Much Shorter Regimen for Drug-Resistant TB Shows Better Results
Teenage TB patients in a hospital in Vietnam.

The days of people with rifampicin-resistant tuberculosis (TB) taking up to 20 pills daily, interspersed with injections,  for up to 20 months might be over.

This follows the release on Wednesday of the preliminary results of a trial of a six-month oral treatment that researchers found to be substantially more effective than the current standard of care.

The TB-Practecal trial tested a six-month regimen of bedaquiline, pretomanid, linezolid and moxifloxacin (BPaLM), against the locally accepted standard of care. 

The trial involved 552 patients at seven trial sites across Belarus, South Africa and Uzbekistan.

“Some  89% of patients in the BPaLM group were cured, compared to 52% in the standard of care group. Tragically four patients died from TB or treatment side effects in the control group,” according to trial leaders Medecins Sans Frontieres (MSF), who revealed the findings at the 52nd Union World Conference on Lung Health.
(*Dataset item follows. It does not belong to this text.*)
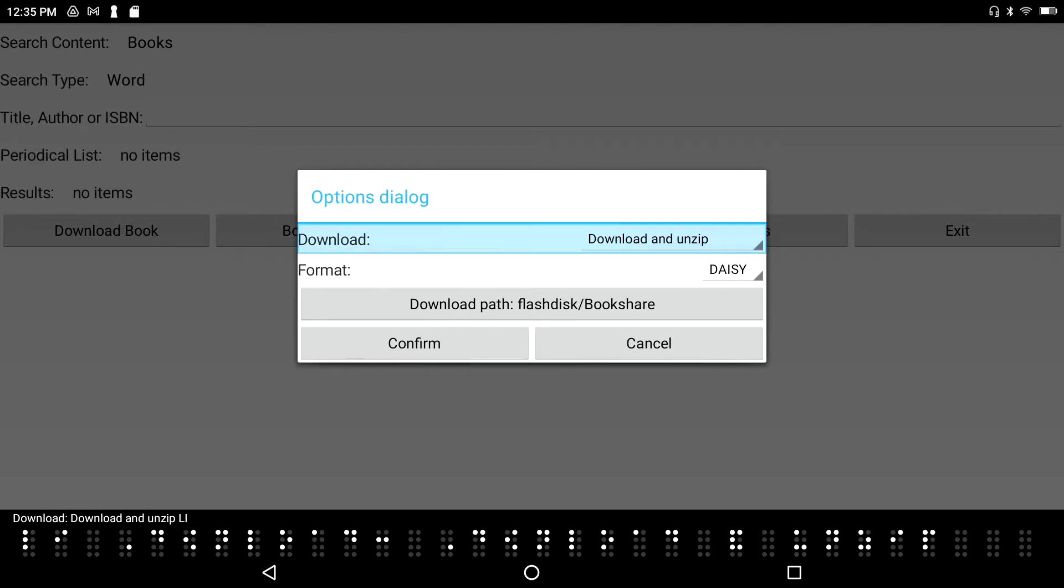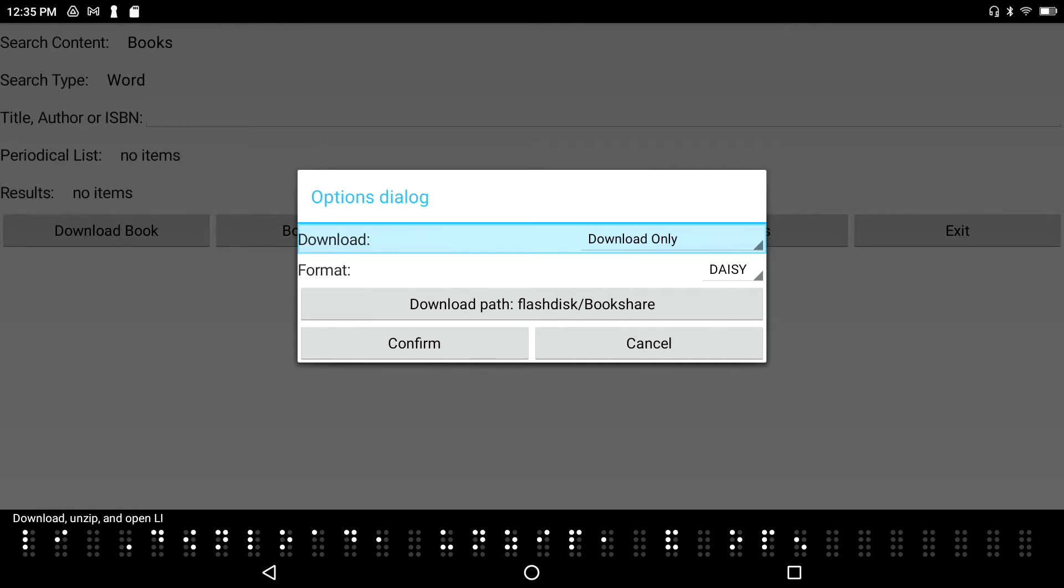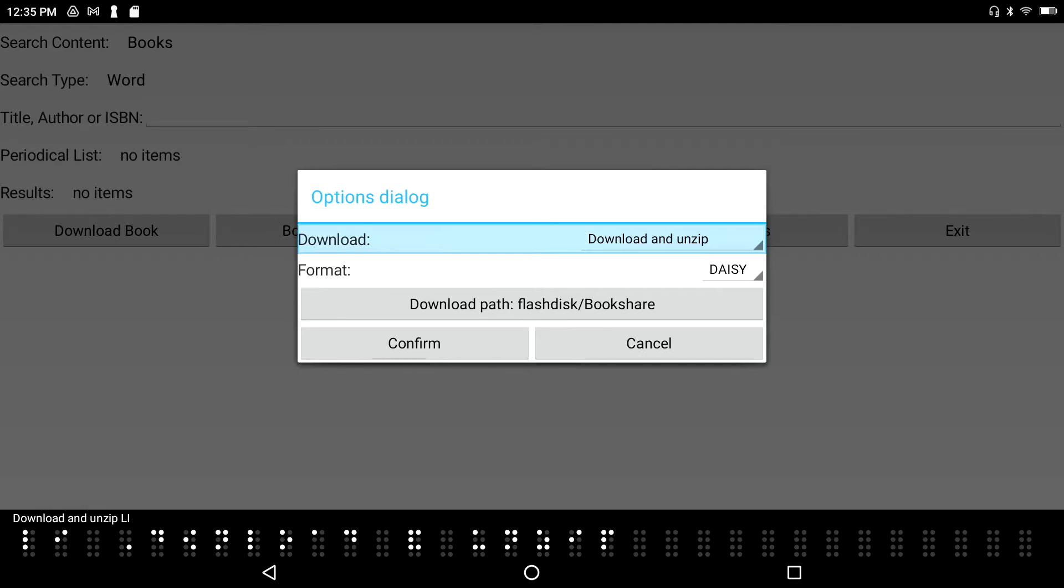More often than not, I'm going to want it to download and extract so I don't have to go through that extra step. I don't want it to open up the book in the Daisy book reader because I might just be on a hunt for new reading material and I don't want to have it open just because I downloaded it.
“Patients were telling us how hard it was to adhere to treatment, but little progress was being made to find kinder treatments because diseases most prevalent in low- and middle-income countries don’t attract investment. So we were compelled to pursue new treatment options ourselves. These results will give patients, their families and healthcare workers worldwide, hope for the future of DR-TB treatment,” Dr Bern-Thomas Nyang’wa, MSF Medical Director and Chief Investigator of the trial, told the Union press conference on Wednesday.

Around 500,000 people develop rifampicin resistant tuberculosis (RR-TB) annually, and this intervention could save lives and substantially improve the quality of life of people with rifampicin-resistant TB.

Genome sequencing

Meanwhile, the conference also heard from researchers who used genome sequencing to effectively predict strains of tuberculosis susceptible to antibiotics that were likely to develop drug resistance.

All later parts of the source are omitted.